Prevalence and Cost of Care Cascades After Low-Value Preoperative Electrocardiogram for Cataract Surgery in Fee-for-Service Medicare Beneficiaries
- PMID: 31158270
- PMCID: PMC6547245
- DOI: 10.1001/jamainternmed.2019.1739
Prevalence and Cost of Care Cascades After Low-Value Preoperative Electrocardiogram for Cataract Surgery in Fee-for-Service Medicare Beneficiaries
Abstract
Importance: Low-value care is prevalent in the United States, yet little is known about the downstream health care use triggered by low-value services.

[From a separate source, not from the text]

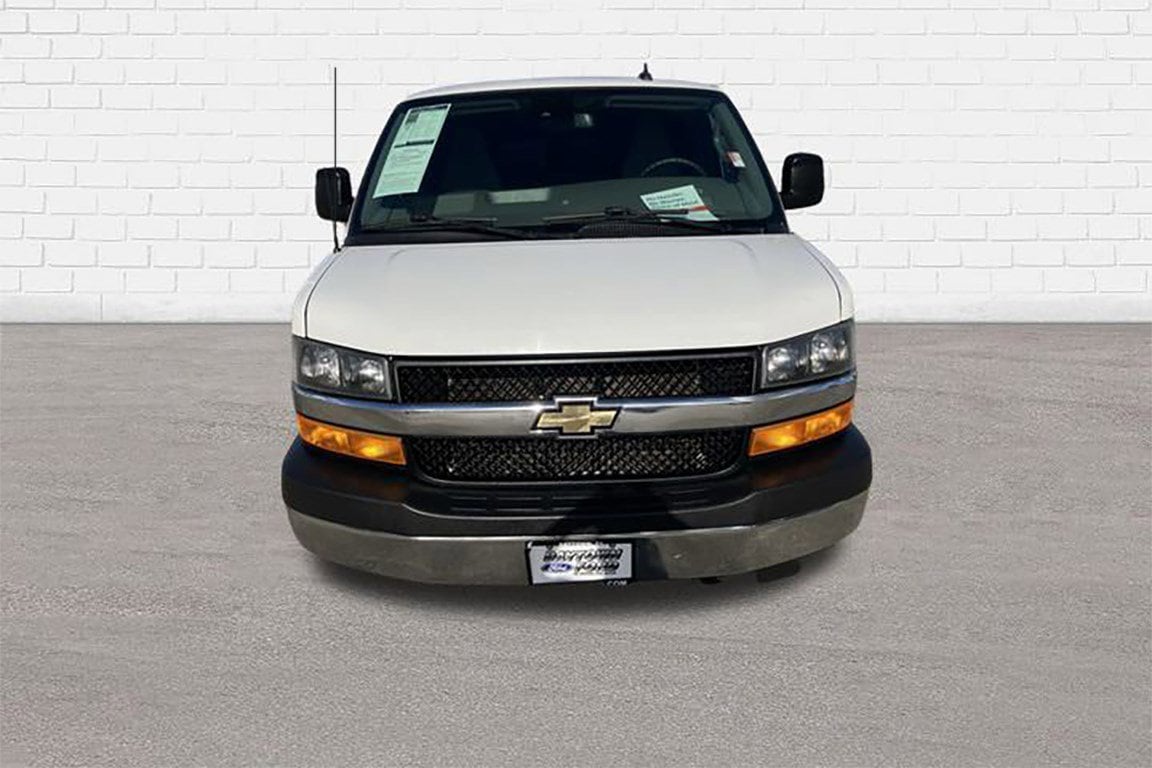 Used 2019 Chevrolet Express Passenger LT with VIN 1GAZGPFG5K1192862 for sale in Baytown, TX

Measurement of such care cascades is essential to understanding the full consequences of low-value care.
Objective: To describe cascades (tests, treatments, visits, hospitalizations, and new diagnoses) after a common low-value service, preoperative electrocardiogram (EKG) for patients undergoing cataract surgery.
Design, setting, and participants: Observational cohort study using fee-for-service Medicare claims data from beneficiaries aged 66 years or older without known heart disease who were continuously enrolled between April 1, 2013, and September 30, 2015, and underwent cataract surgery between July 1, 2014 and June 30, 2015. Data were analyzed from March 12, 2018, to April 9, 2019.

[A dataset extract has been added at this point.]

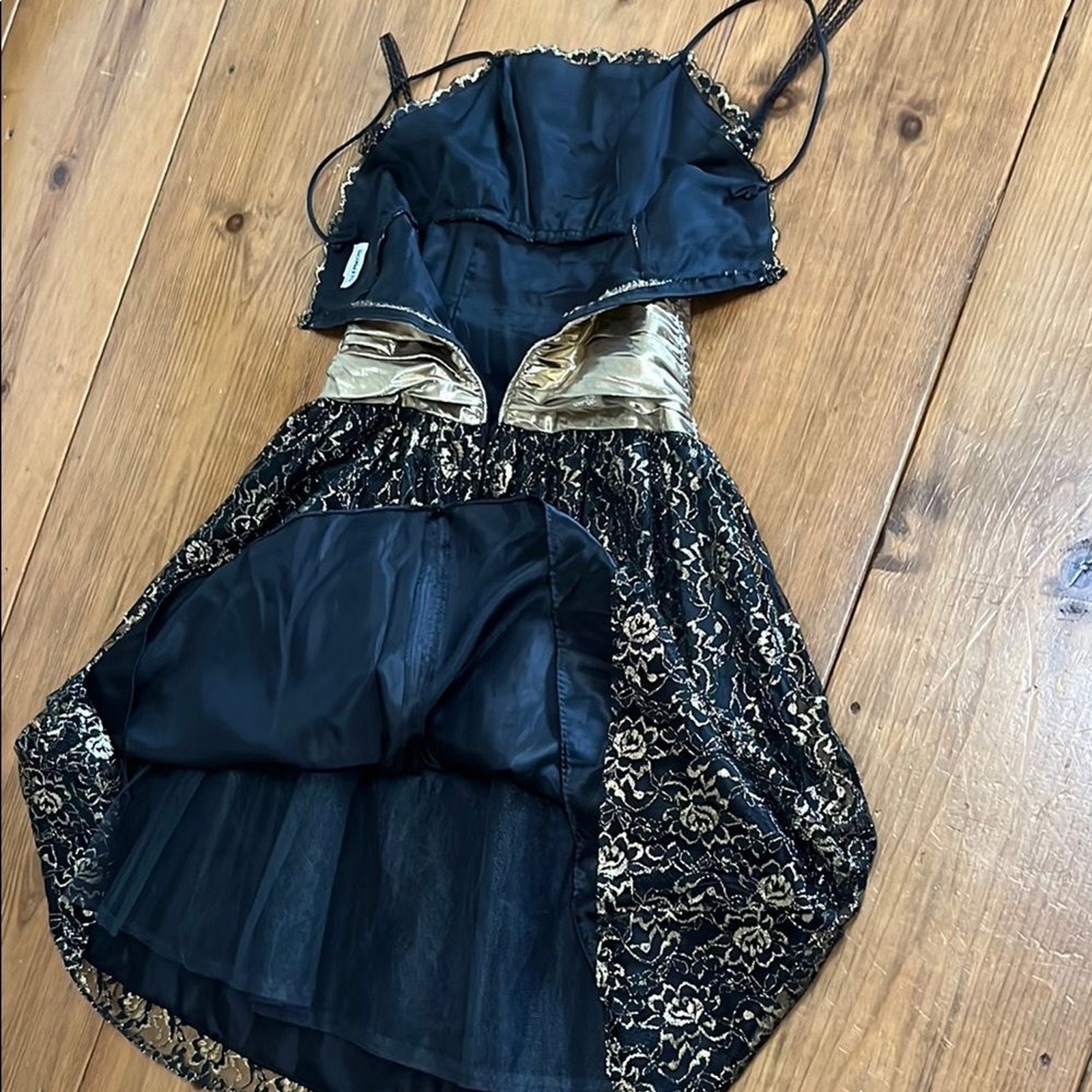 VTG 80s Black and Gold Lace Spaghetti Strap Cocktail Prom Dress with Tulle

Exposures: Receipt of a preoperative EKG. The comparison group included patients who underwent cataract surgery but did not receive a preoperative EKG.

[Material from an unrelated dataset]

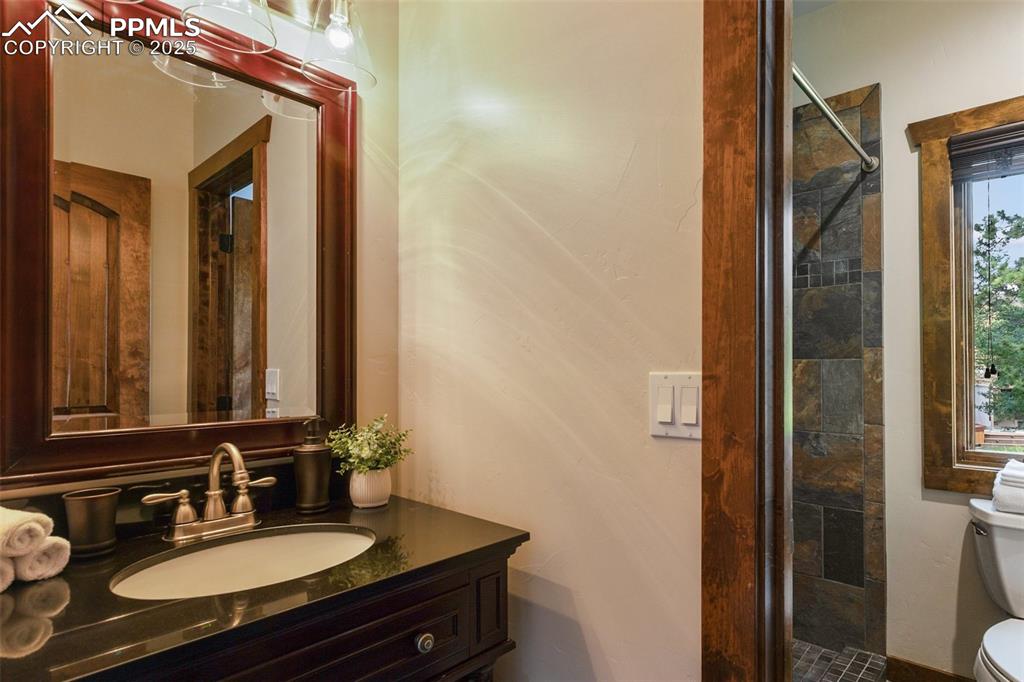 Image 39 of 50: Bathroom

Main outcomes and measures: Cascade event rates and associated spending in the 90 days after preoperative EKG, or in a matched timeframe for the comparison group. Secondary outcomes were patient, physician, and area-level characteristics associated with experiencing a potential cascade.
Results: Among 110 183 cataract surgery recipients, 12 408 (11.3%) received a preoperative EKG (65.6% of them were female); of those, 1978 (15.9%) had at least 1 potential cascade event. The comparison group included 97 775 participants (63.1% female). Those who received a preoperative EKG experienced between 5.11 (95% CI, 3.96-6.25) and 10.92 (95% CI, 9.76-12.08) additional events per 100 beneficiaries relative to the comparison group. This included between 2.18 (95% CI, 1.34-3.02) and 7.98 (95% CI, 7.12-8.84) tests, 0.33 (95% CI, 0.19-0.46) treatments, 1.40 (95% CI, 1.18-1.62) new patient cardiology visits, and 1.21 (95% CI, 0.62-1.79) new cardiac diagnoses. Spending for the additional services was up to $565 per Medicare beneficiary (95% CI, $342-$775), or an estimated $35 025 923 annually across all Medicare beneficiaries in addition to the $3 275 712 paid for the preoperative EKGs. Among preoperative EKG recipients, those who were older (adjusted odds ratio [aOR] for patients aged 75 to 84 years vs 66 to 74 years old, 1.42; 95% CI, 1.28-1.57), had more chronic conditions (aOR for each additional Elixhauser condition, 1.18; 95% CI, 1.14-1.22), lived in more cardiologist-dense areas (aOR, 1.05; 95% CI, 1.02-1.09), or had their preoperative EKG performed by a cardiac specialist rather than a primary care physician (aOR, 1.26; 95% CI, 1.10-1.43) were more likely to experience a potential cascade.
Conclusions and relevance: Care cascades after preoperative EKG for cataract surgery are infrequent but costly. Policy and practice interventions to reduce low-value services and the cascades that follow could yield substantial savings.